Police often arrest Papuans for peaceful political expression on 1 December, as it is a date that many Papuans consider their Independence Day. This year, 34 people were arrested, 19 protesters were injured, and protests in two cities were forcibly dispersed.
“No one should be detained simply for peacefully expressing their political opinions,” Amnesty International Indonesia executive director Usman Hamid. “Papuans in particular are often detained and charged by law enforcement for this reason. Moreover, Papuan protesters are frequently attacked by counter-protesters under the police’s watch. Repressive actions such as these will only create further distrust among Papuans and make improving the human rights situation in the region even more difficult.”
“We call on Indonesian authorities to release all Papuans detained simply for exercising their right to freedom of expression,” Amnesty International Australia National Director Sam Klintworth said. “The Australian government must exercise due diligence on its assistance to Indonesian security forces to ensure that it is in compliance with human rights standards.”
At least eight people were detained in the city of Jayapura, Papua on 1 December for displaying the Morning Star flag, a symbol of Papuan independence.
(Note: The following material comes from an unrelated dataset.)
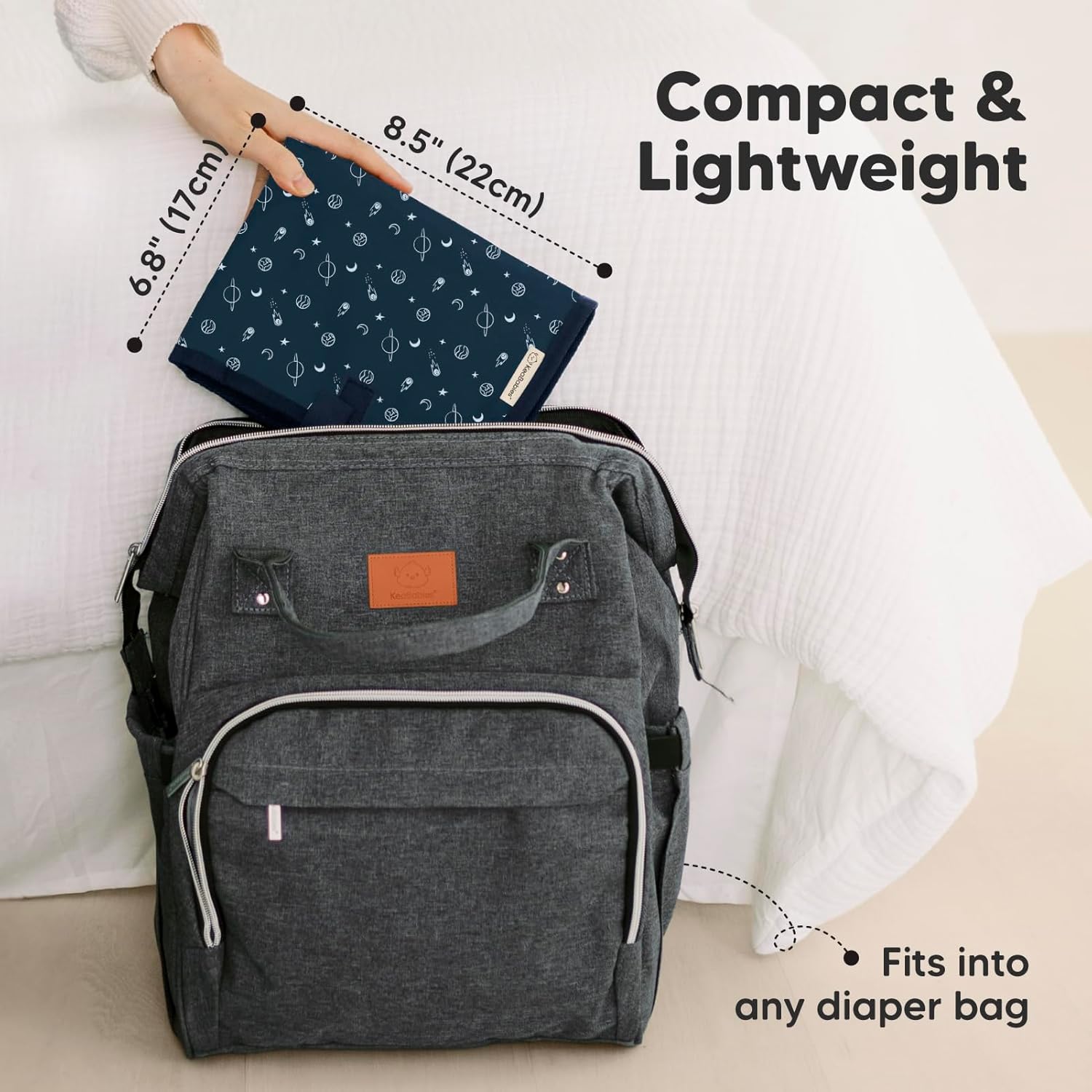 KeaBabies Portable Diaper Changing Pad, Easy Wipe Clean - Foldable Waterproof Baby Changing Mat for Diaper Bag, Compact, Lightweight, 25x13 Baby Changer Travel Essential, Machine Washable (Planets)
They remain in police custody and have been charged for treason under Articles 106 and 110 of the Indonesian criminal code.
Meanwhile, at least 19 people were detained in Merauke regency, Papua on 30 November in relation to a video of spiritual and indigenous community leader “Mama” Paulina Imbumar, in which she declared her intention of raising the Morning Star flag in Merauke on 1 December.
Paulina and her 16 followers were released without charge on 1 December. However, two members of video advocacy initiative Papuan Voices, who recorded and uploaded the video, remain in custody and have not been charged.
Merauke police chief Sr. Adj. Comr. Untung Sangaji was trained by Australian Federal Police and has been scrutinized for alleged human rights abuses in Aceh and Papua provinces.
In Dekai district, Papua seven people were arrested on the morning of 1 December. They were falsely accused of attending a Morning Star flag raising ceremony. The three children were released in the afternoon, while the four adults were released the following day.
Also on 1 December, protesters in Ambon, Maluku were forcibly dispersed by Indonesian police, during which 19 of them were injured from beatings. In Bali, protesters were forcibly dispersed and physically attacked by counter-protesters who used racist language, injuring 13 people.
As of November 2021, there are still at least six Papuan prisoners of conscience behind bars solely for peacefully exercising their right to express political views.
Amnesty International does not take on any position regarding political status within Indonesia, including calls for independence. However, the organization believes that the right to freedom of expression includes the right to peacefully advocate for referendums, independence, or other political positions.